## PROMPT:
With pictures omitted, restate the data word for word.

## INFORMATION SHOWN:

--- --- ---

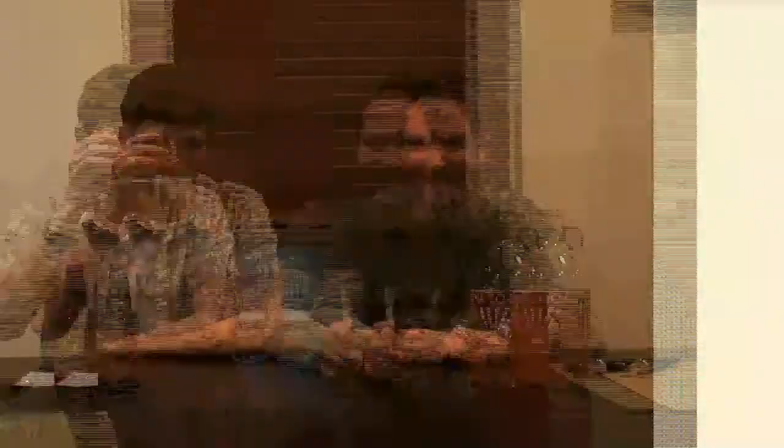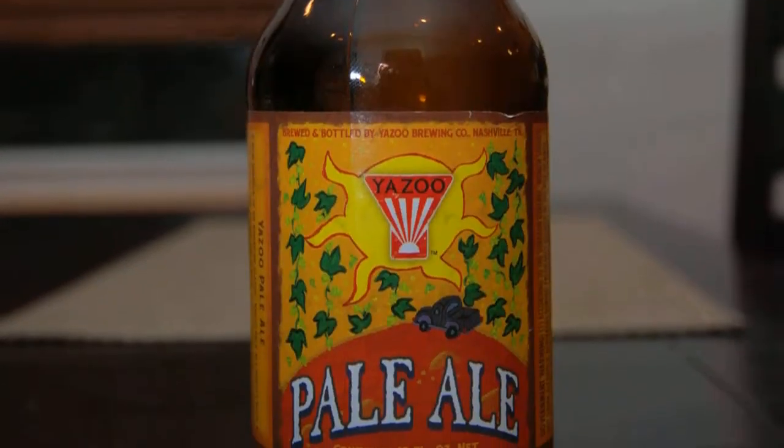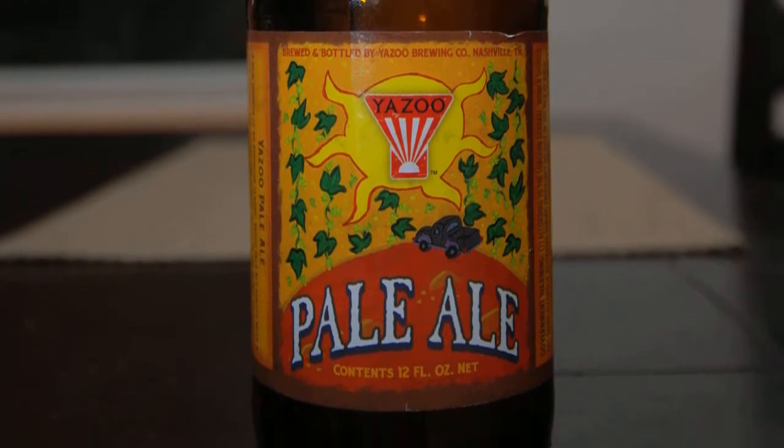Alright, we polished those Yazoos off — that was a big growler! The whole thing finished. So we're on to the little number — the Yazoo Pale Ale. It looks so small next to a standard 12-ouncer; it's like a little baby growler. It boasts that it's brewed with Amarillo hops, which got us pretty excited. We'll pour it out and see what this guy's all about.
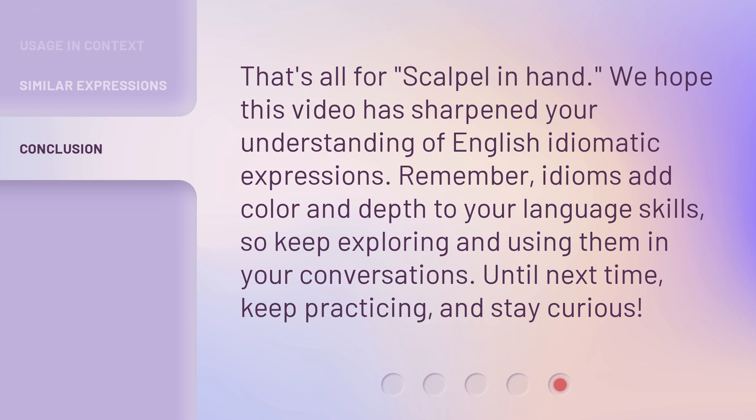That's all for 'scalpel in hand.' We hope this video has sharpened your understanding of English idiomatic expressions. Remember, idioms add color and depth to your language skills, so keep exploring and using them in your conversations. Until next time, keep practicing and stay curious!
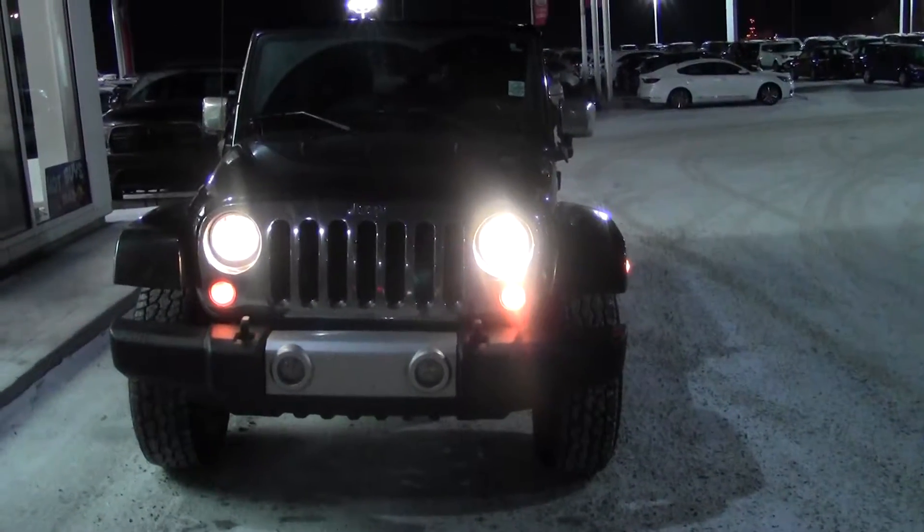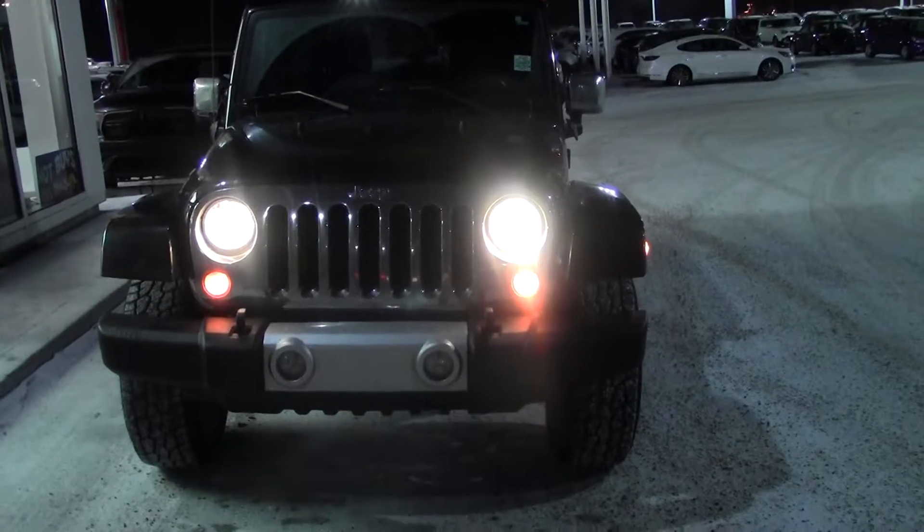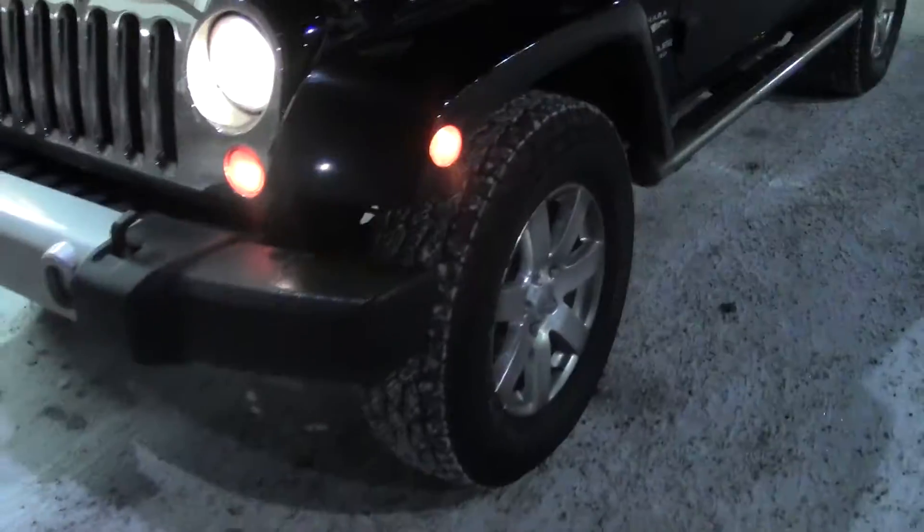Good morning Dan, Danny here from Sherwood Nissan. This 2013 Jeep Unlimited Black just came in last night. You can see it's got the nice wheels and tires, got real nice rubber on it, got your running boards. Body looks really nice.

--- --- ---

## ANSWER AREA:
Alright, we polished those Yazoos off — that was a big growler! The whole thing finished. So we're on to the little number — the Yazoo Pale Ale. It looks so small next to a standard 12-ouncer; it's like a little baby growler. It boasts that it's brewed with Amarillo hops, which got us pretty excited. We'll pour it out and see what this guy's all about.
That's all for 'scalpel in hand.' We hope this video has sharpened your understanding of English idiomatic expressions. Remember, idioms add color and depth to your language skills, so keep exploring and using them in your conversations. Until next time, keep practicing and stay curious!
Good morning Dan, Danny here from Sherwood Nissan. This 2013 Jeep Unlimited Black just came in last night. You can see it's got the nice wheels and tires, got real nice rubber on it, got your running boards. Body looks really nice.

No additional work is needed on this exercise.